Catherine Zagunis

Personal information
- Born: September 9, 1952 (age 73) Pittsburgh, Pennsylvania, United States

Sport
- Sport: Rowing

= Catherine Menges =

American rower

Catherine Zagunis (née Menges; born September 9, 1952) is an American rower. She competed in the women's coxed four event at the 1976 Summer Olympics during the first appearance of the event in the Olympic Games.

==Personal life==
Menges is the mother of Mariel Zagunis, the most decorated American fencer in history. Her two children, Merrick who is older than Mariel and Marten who is younger, are champion fencers. Her former husband, Robert Zagunis, was a fellow competitive rower who also competed in the 1976 Olympics in Montreal. The pair divorced in 2004.

==Fencing==
Since 1998, Zagunis has been the director of programs at the Oregon Fencing Alliance. Zagunis managed the United States teams at the Junior and Senior World Championships in 1999, 2000, and 2001. She was the squad manager for the USA Fencing Women's Sabre Squad from 2005 to 2017. At The Oregon Fencing Alliance (OFA), she works closely with U.S. Women's Sabre Coach Ed Korfanty to develop marketing, create programs, and manage the fencing activities of OFA. Zagunis was asked to take over the leadership role by OFA founder Colleen Olney on a trip to the Junior Olympics when Olney knew that she was not going to be able to continue to run the program. At that point, Zagunis had been heavily involved in travel and support of OFA while Mariel and her two sons competed nationally.

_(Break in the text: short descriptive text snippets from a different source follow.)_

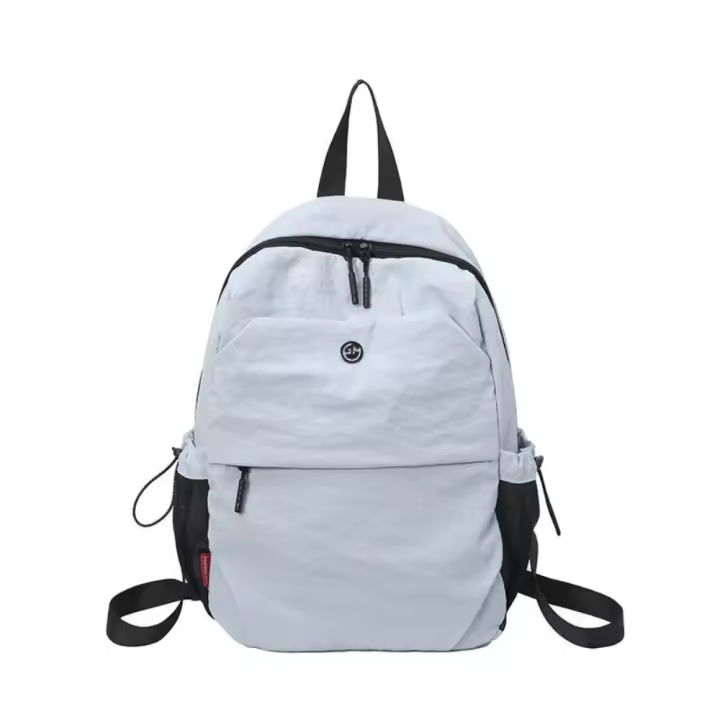 Mochila deportiva de nailon pequeña y sencilla, bolso de hombro de Color sólido de estilo coreano, bolso de mano, mochila Retro para niñas - 1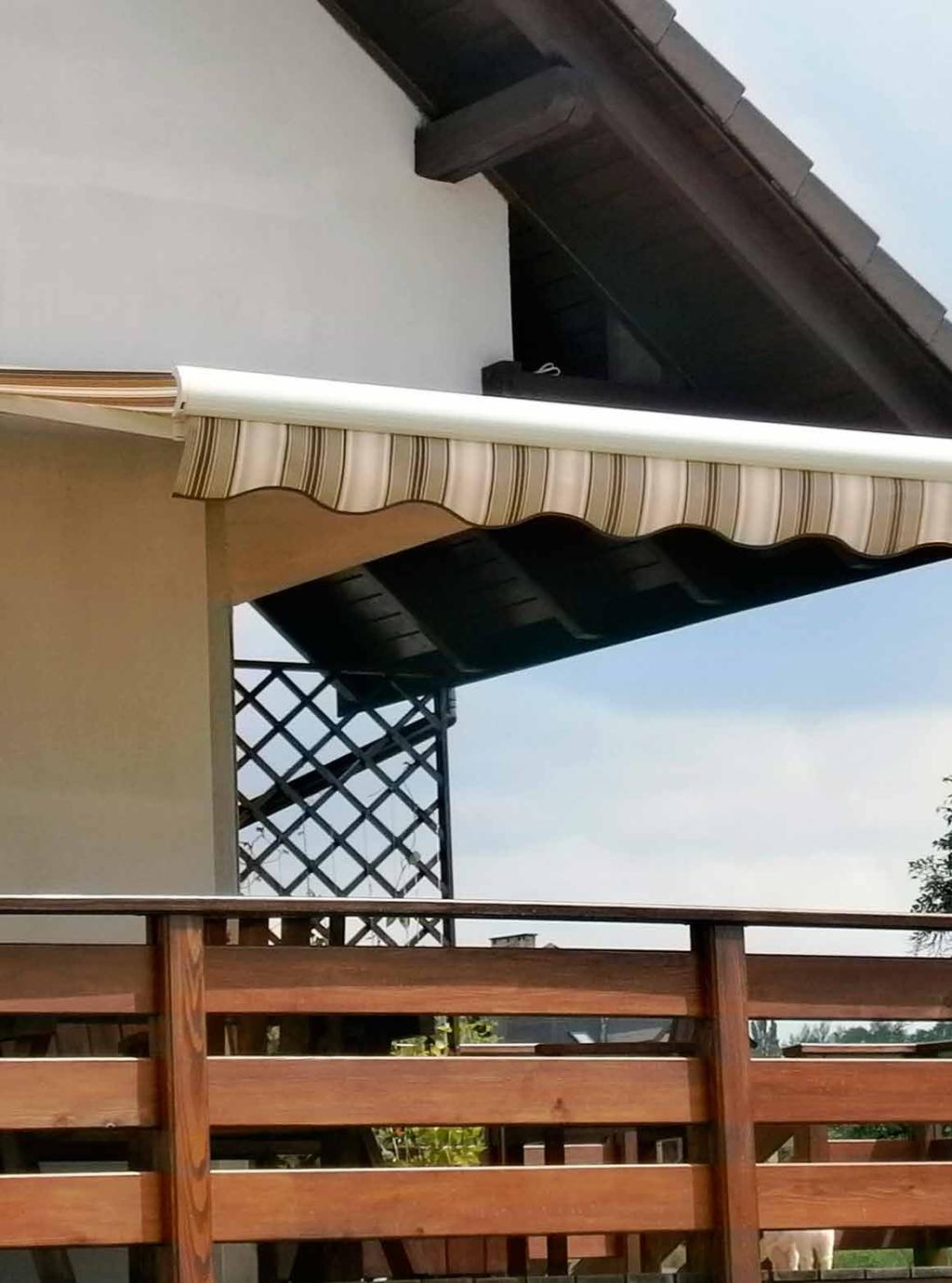 Markizy tarasowe i balkonowe Przeznaczenie Markiza jest produktem przeznaczonym do osłony powierzchni zewnętrznych przed nadmiernym nasłonecznieniem.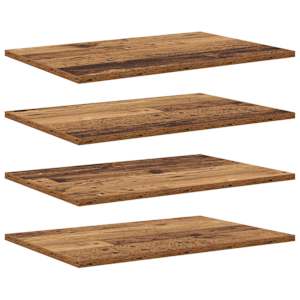 vidaXL Raamatute riiuli plaat 3 tasandit 4 tk 60 x 40 x 1,5 cm Pruun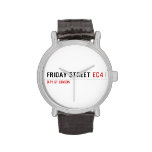 Friday street  Wrist Watch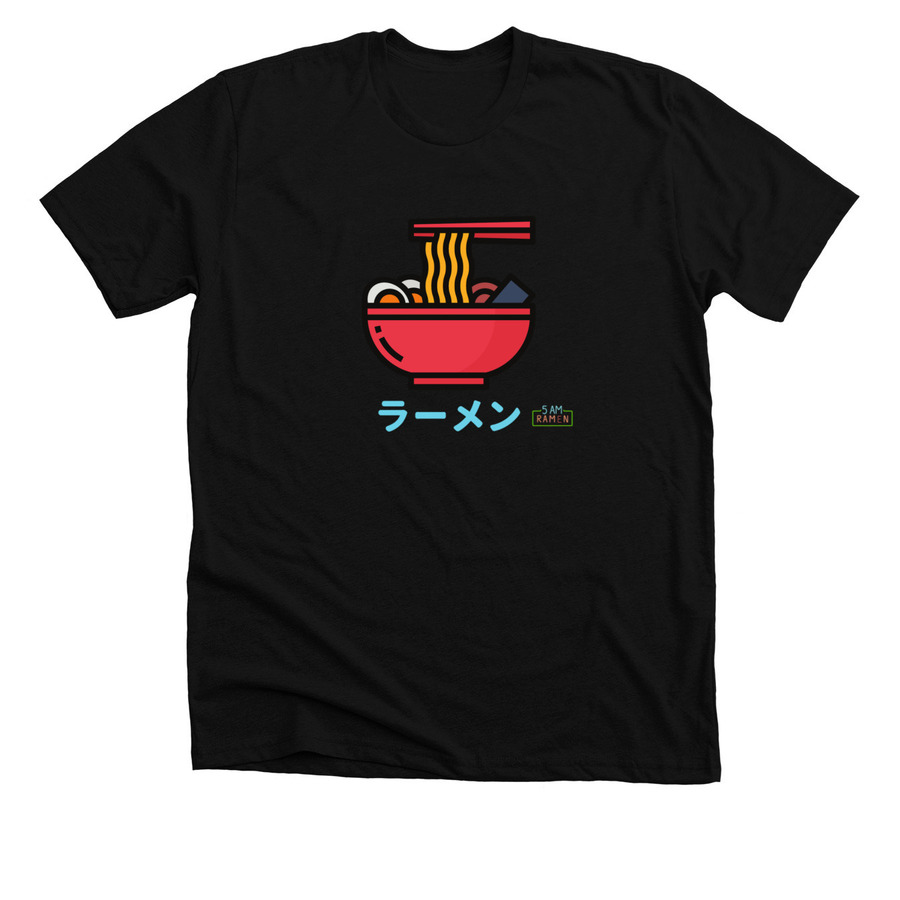 Japanese Ramen Collection, a Solid Black Blend Premium Unisex Tee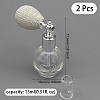 2Pcs Glass Highlighter Shimmer Sparkle Powder Spray Bottles CON-DJ0001-09B-2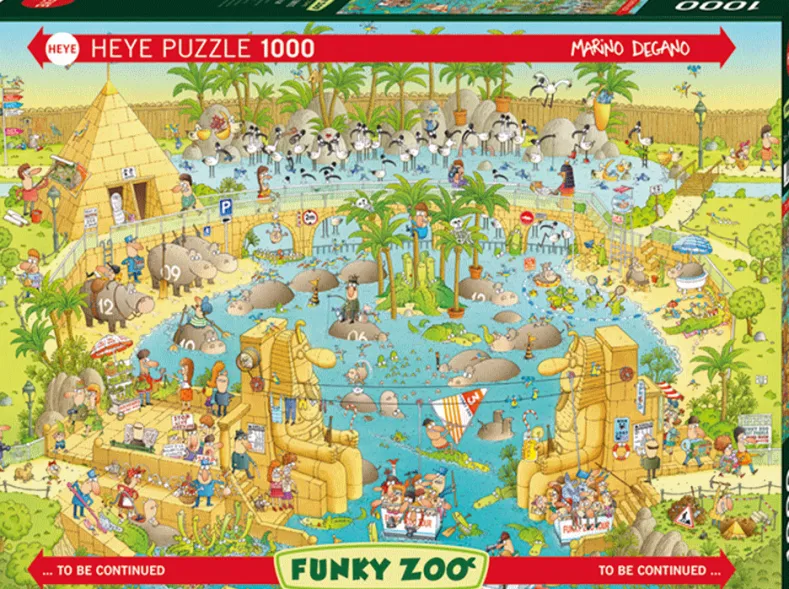 Funky Zoo - Nile Habitat Puzzel (1000 stukjes)
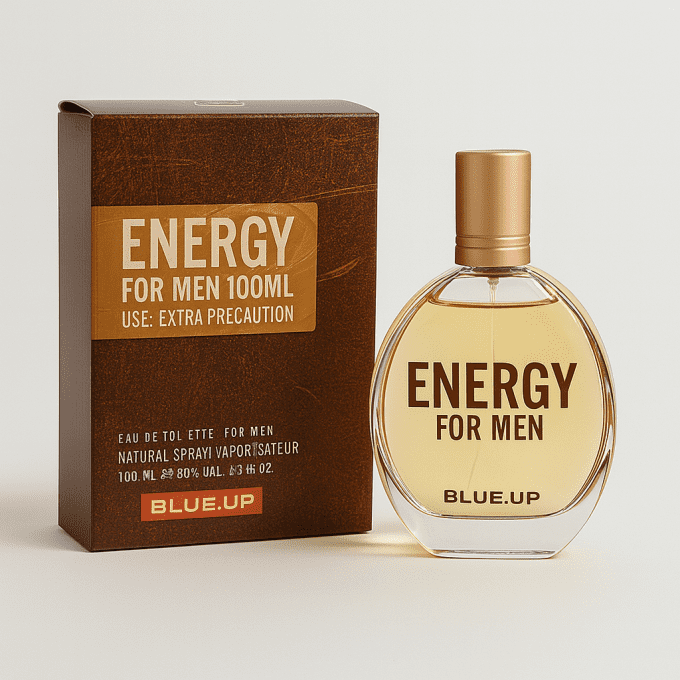 BLUE UP ENERGY FOR LIFE MEN – Eau de toilette homme 100 ml | Inspiration fruitée boisée vivifiante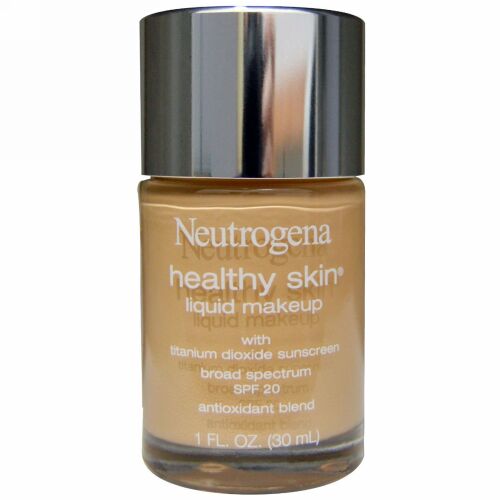 Neutrogena, ヘルシースキン・リキッドメイクアップ、 SPF 20、 ヌード 40、 1 液量オンス (30 ml) (Discontinued Item)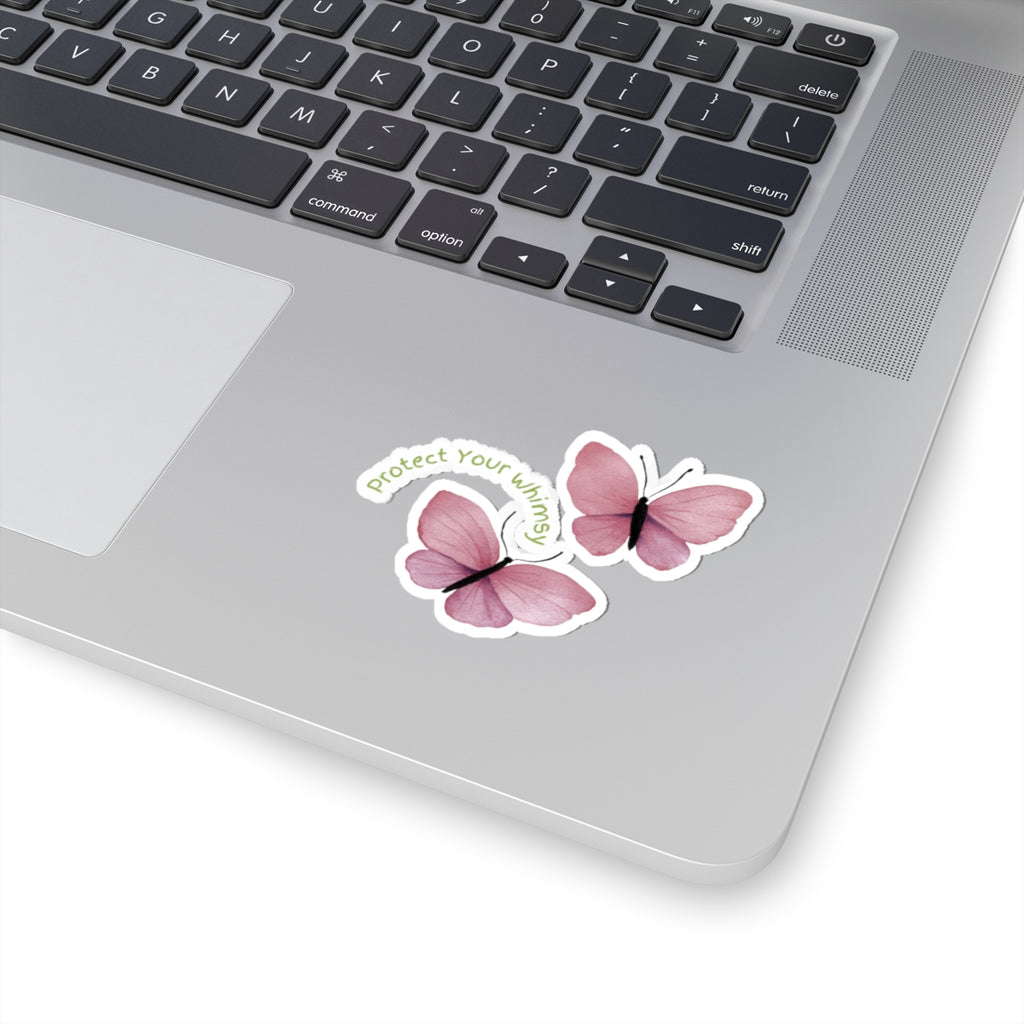 Protect Your Whimsy Butterfly Sticker - Waterproof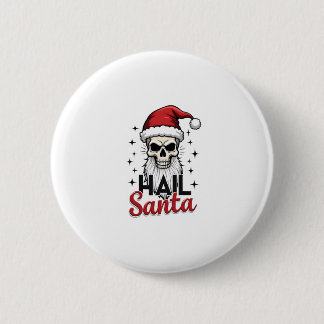 Rolig Hail Santa Claus Skalle Skelett Antikrist C Knapp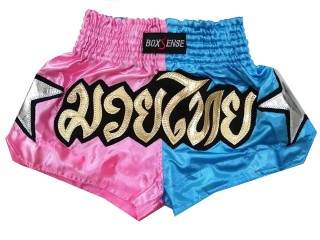 Spodenki do Muay Thai Kickboxingu dla dzieci Boxsense : BXSKID-006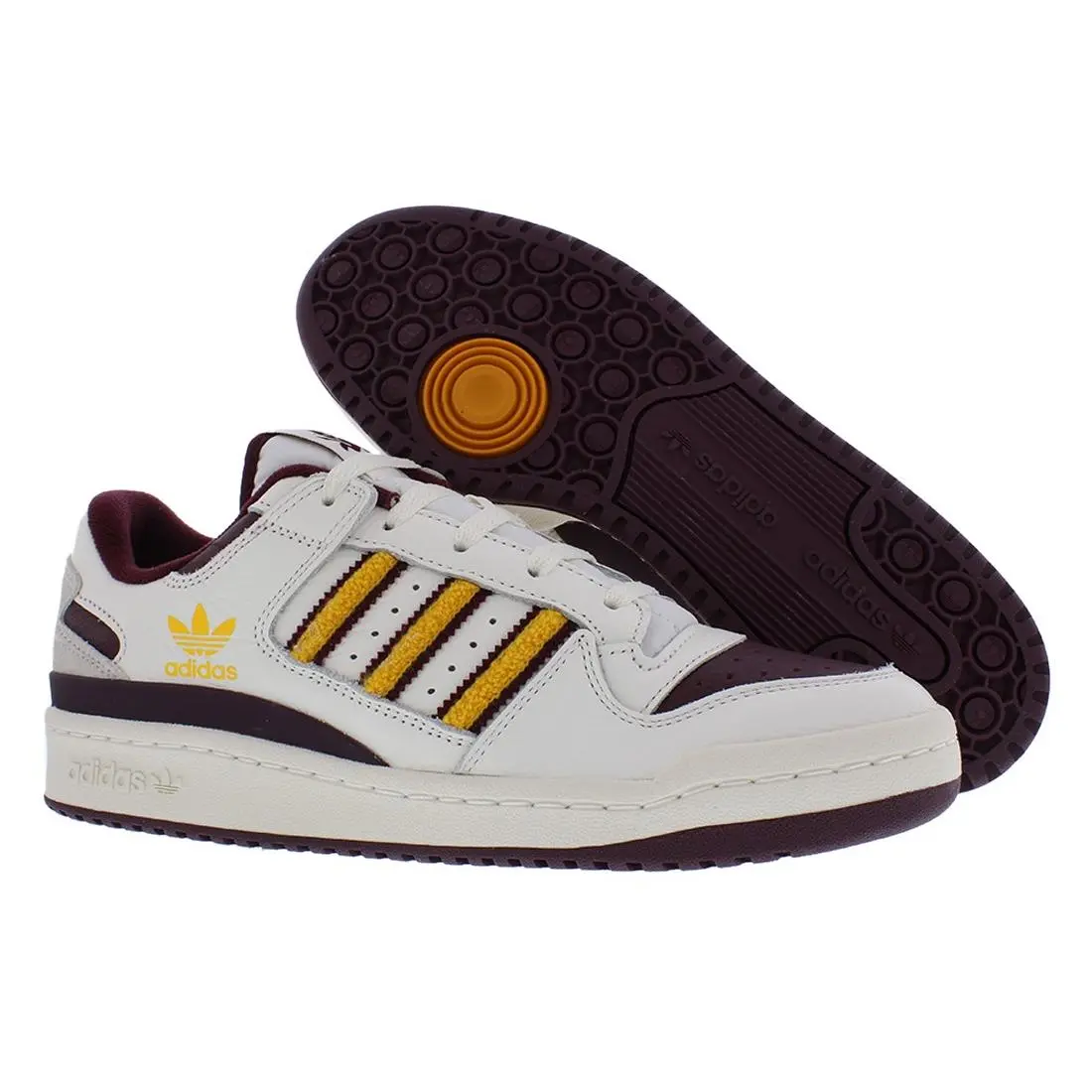 Adidas Forum Low CL Mens Shoes Size 13.5 Color: Team Maroon 2/Cloud White/team
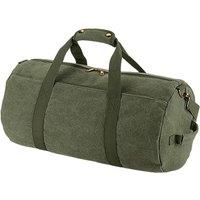 Bagbase Men's Barrel Canvas Duffle Bag in Green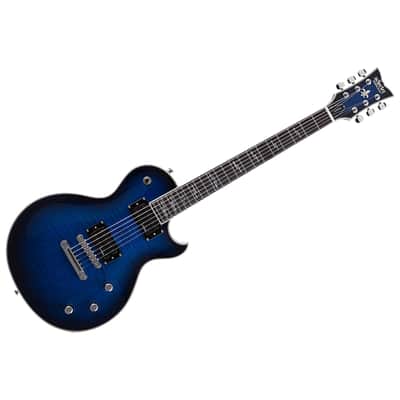 Solo-II Supreme - See Thru Blue Burst Schecter image 1
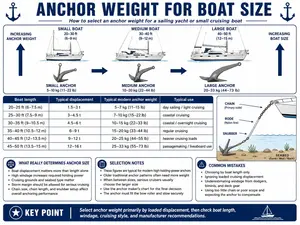 Anchor weight for boat size calculations and assessment is crucial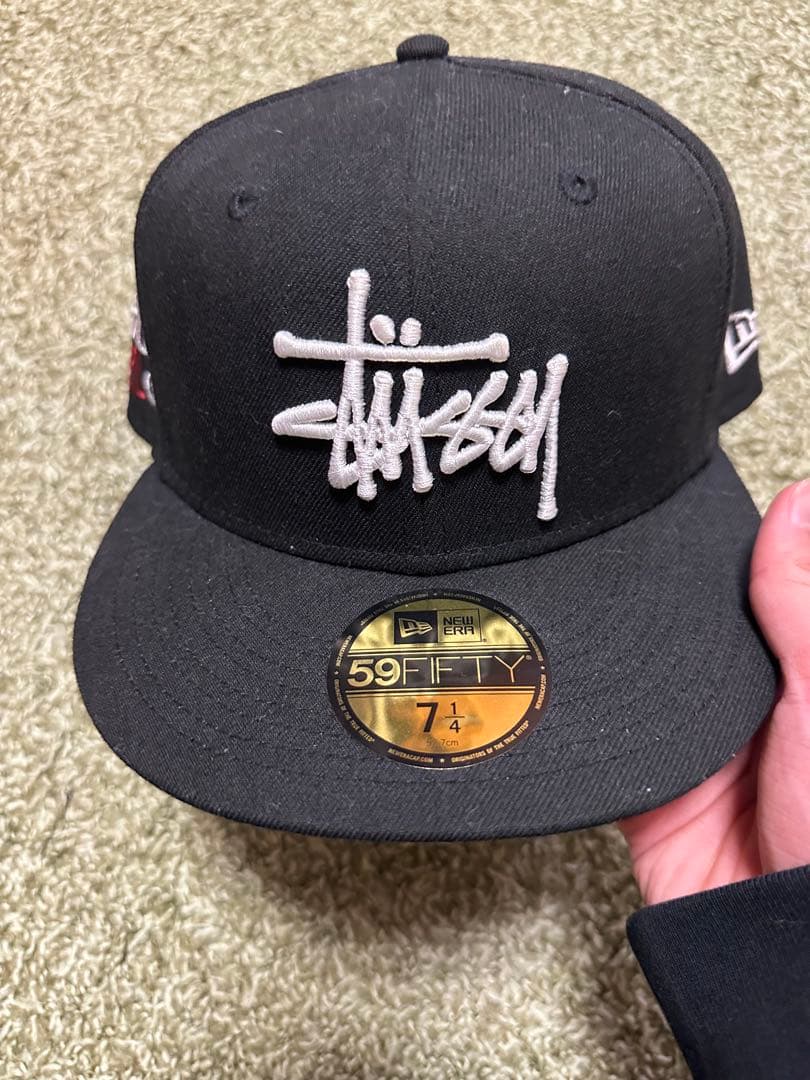 Stussy 59FIFTY キャップ 黒 7 1/4 値下げ可能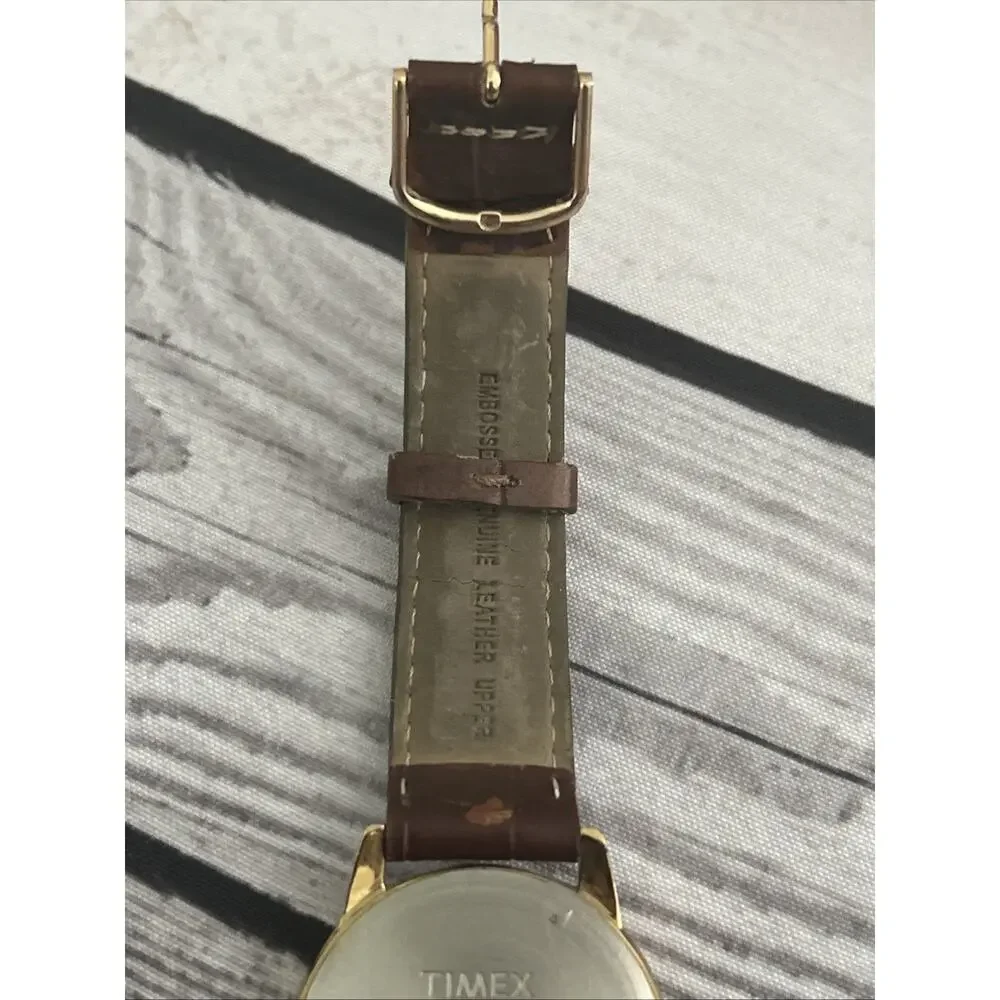 Timex Indiglo Gold Tone Quartz Watch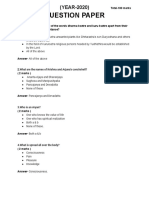 Question Bank For Quiz 2021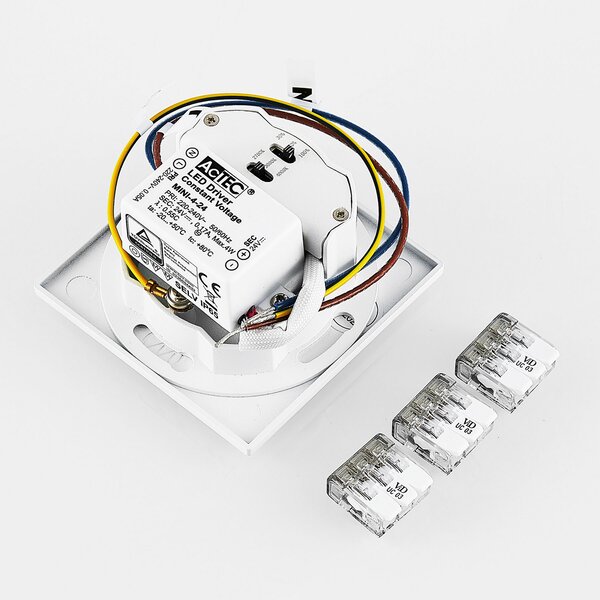 Molto Luce LED lampă încastrată perete 68R Sina SQ, alb, aluminiu, CCT, reglabil, Alb, Hol, Aluminiu, Modern, Perete încastrat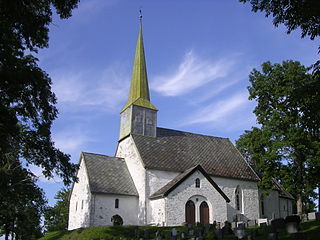 English: Alstadhaug church, romanesque and gothic 12th century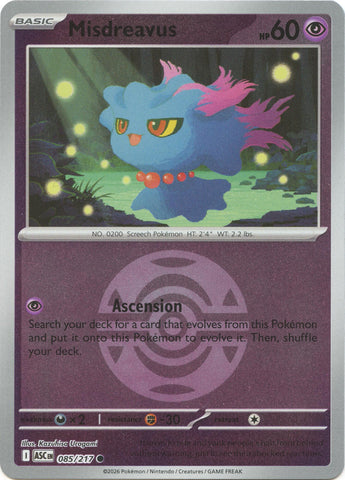 Misdreavus (085/217) (Dusk Ball) [Mega Evolution: Ascended Heroes] - The Mythic Store | 24h Order Processing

Zagunis's support of her daughter Mariel to the top of the fencing world has led to her becoming an authority on parenting champions. She is an outspoken advocate for a measured approach to sports parenting that does not focus on achievement but instead on balance. Zagunis has attended all of Mariel's major competitions throughout her long career. Zagunis was consistently involved in her daughter's career through the Olympic Games in Rio.

Following the birth of Mariel's first child in 2017, Cathy's role shifted to helping care for her granddaughter while Mariel continued to pursue high level fencing.